Almost immediately, I realized that I'd lost my source of spiritual joy. The practices I'd once used had been proven to be a sham, so I knew that I could no longer rely on them, but as I had no solid foundation for my faith underlying those false practices and beliefs, I was left to doubt not only my spiritual gifts, but also Christ Himself. My withdrawal had begun. Although it was spiritual rather than physical, it yet showed many parallels with what I've read of the wrenching misery of the heroin addict as he is weaned off his once-beloved dope.
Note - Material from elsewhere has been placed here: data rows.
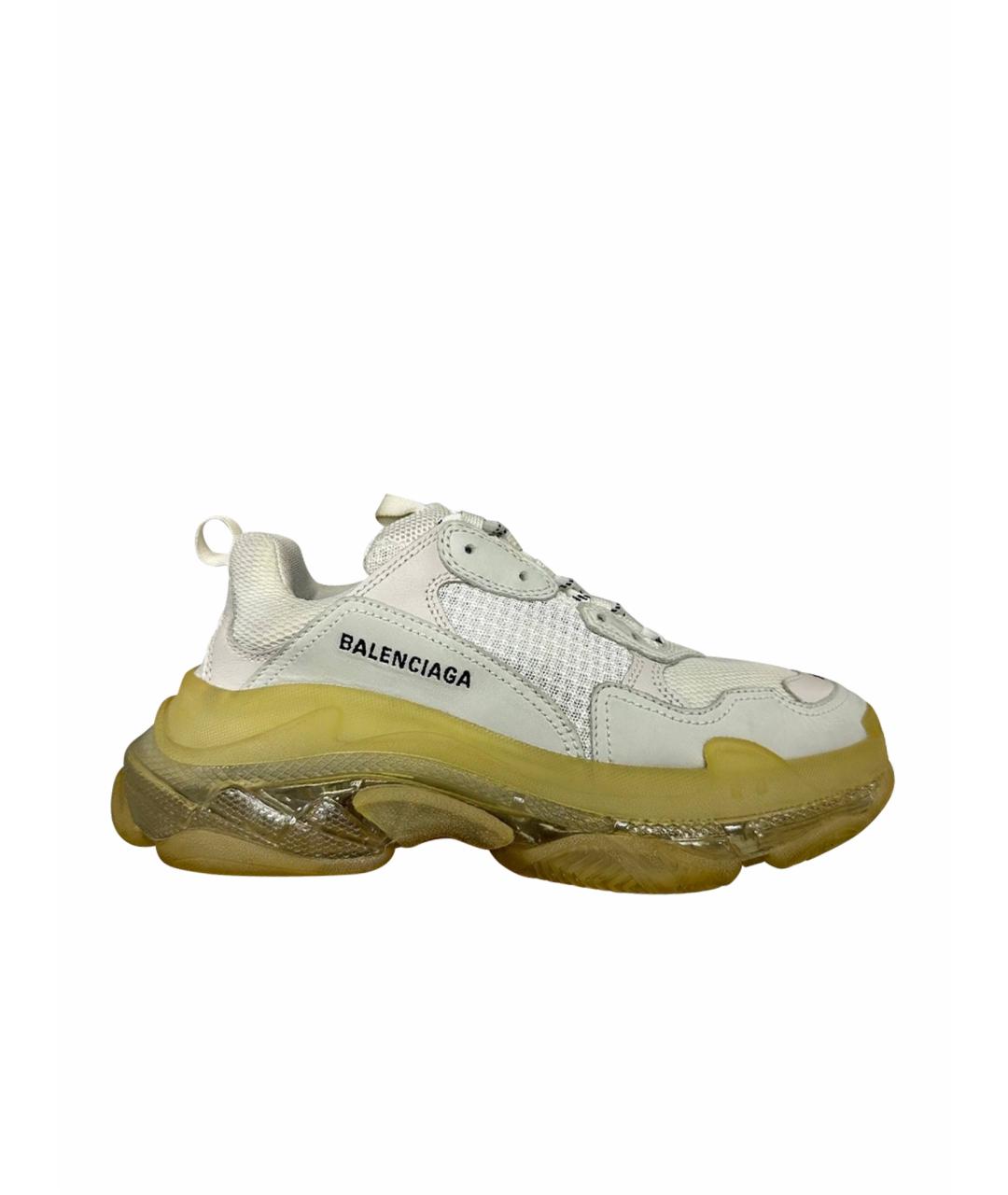 BALENCIAGA Бежевые низкие кроссовки / кеды, фото 1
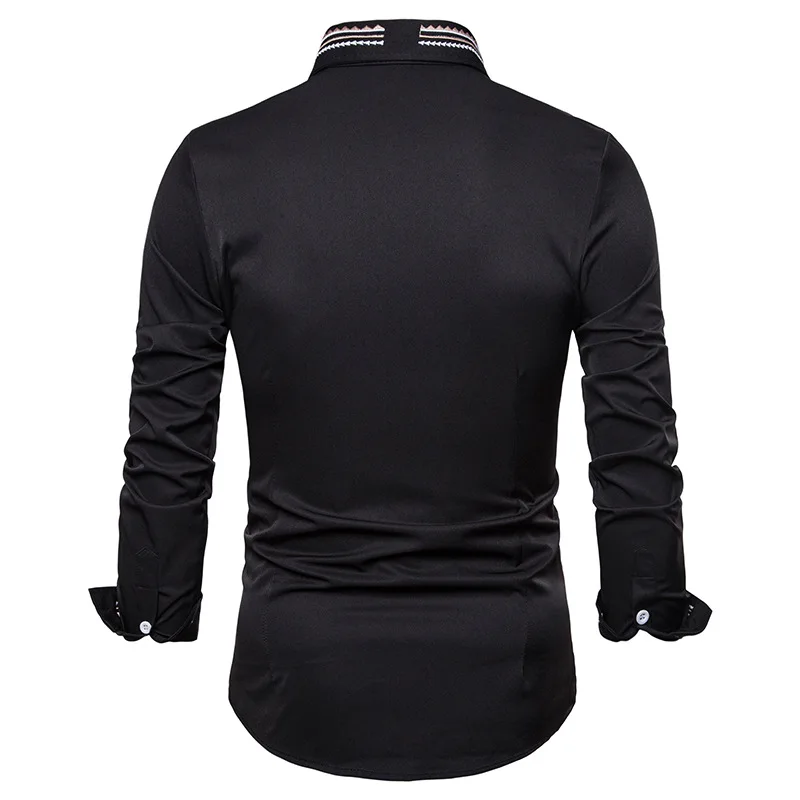 Мужская Повседневная рубашка Slim Fit Мужская Повседневная рубашка на пуговицах с вышивкой длинные рукава официальные сорочки мужская одежда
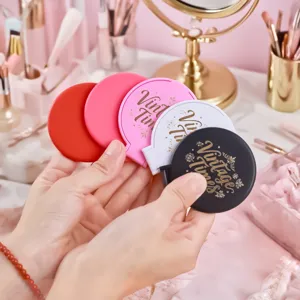 Portable colorful foldable round makeup mirrors with decorative Vintage Times gold print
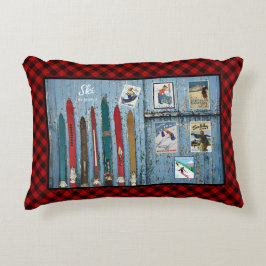  houten ski's / ski-Adverteren Posters Accent Kussen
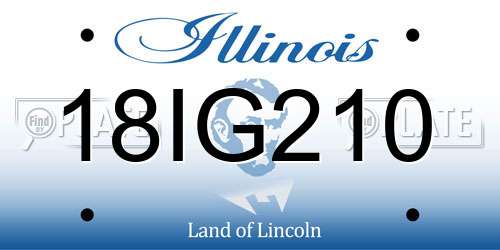 18IG210 Illinois License Plate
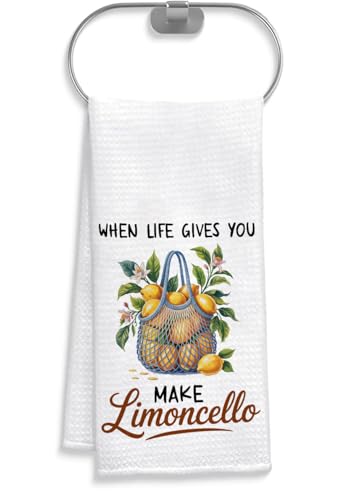 CoCray66 When Life Gives You Make Limoncello Kitchen Towel - Funny Cute Lemon Towel Gift for Wine Lover - Humor Sarcastic - Winemaker - Housewarming Gift - Soft & Absorbent Kitchen Towels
In my case, I found myself in hopelessness and despair. As far as I could tell, the heavens were as brass to me. It seemed as though God wasn't listening to my prayers at all. To make matters worse, I came to doubt not only the personal "words from God" that had come to nothing but also the Bible itself. I asked questions such as, "God, if you lied to me about that prophecy, how do I know that you're not lying to me in the Bible?" So it went, for year after year, at least five years in all, until at last the tide turned and I found mercy in the sight of God.

I think my recovery began with surrender. During my season of withdrawal, I'd clung tenaciously to the scraps of my precious spiritual gifts, including certain prophecies on which I'd pinned high hopes, but now I was whipped, so while praying one day, I told God that I was going to put my gifts and prophecies on the shelf and concentrate only on the Scriptures. In case there was any truth or value to what I was shelving, I told God that He was going to have to make that very clear to me, because otherwise I was going to have nothing more to do with that which had so far brought me only misery and despair. Yes, I finally saw the true nature of the fruit of my spiritual addiction: far from being good for my soul, it stank to high heaven. I'd had enough of it, and wanted nothing more than to get it out of my life.
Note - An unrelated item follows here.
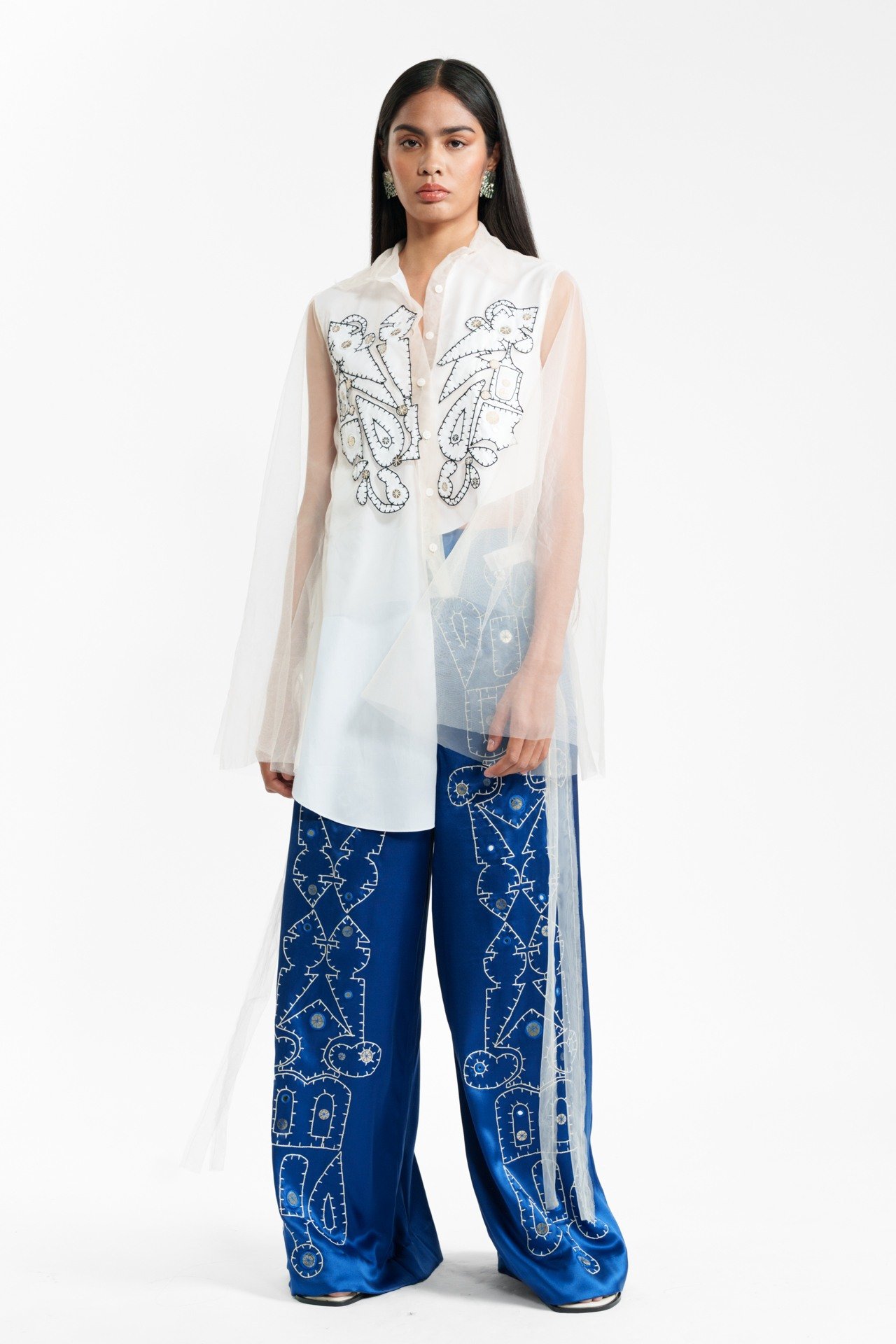 Appliqué Detail Shirt and Dori Trouser Set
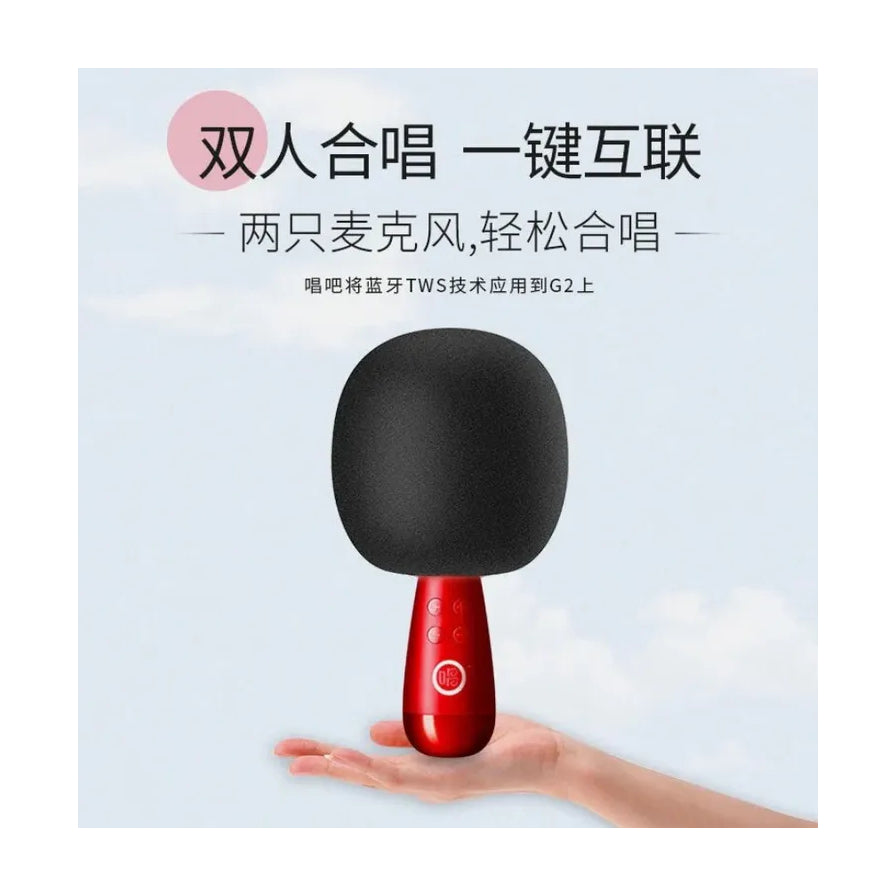 手托红色无线麦克风的海报，上方带有“双人合唱 一键互联”中文字样。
Incidentally, I'd not yet made a formal change of my doctrinal views regarding the gifts of the Holy Spirit. At this point, I still allowed that there might be some true gifts in operation today, but on the other hand I was well aware that if there were such gifts, I had never seen them even once. I was not yet a cessationist, but I'd already come to the place where I denied the validity of all the gifts I'd seen exercised in the churches I'd attended. It wasn't until a couple of years later that I came to embrace the Reformed faith and the sufficiency of Scripture.

Through the wonder that is the Internet, I sometimes encounter Charismatics. How much they remind me of myself during my honeymoon days, when the excitement of my spiritual gifts was so strong! Although I take every opportunity to share this testimony with them, they are just as blind and deaf as I was. Their spiritual pride is still too strong for them to consider that their "walk with God" has degenerated to something that's little better than an addiction to allegedly spiritual highs. Sadly, it seems that no one sees the devastation and misery that awaits once the honeymoon is over. May God use my testimony as well as that of other ex-Charismatics to warn these poor souls and bring many to their senses before it's too late!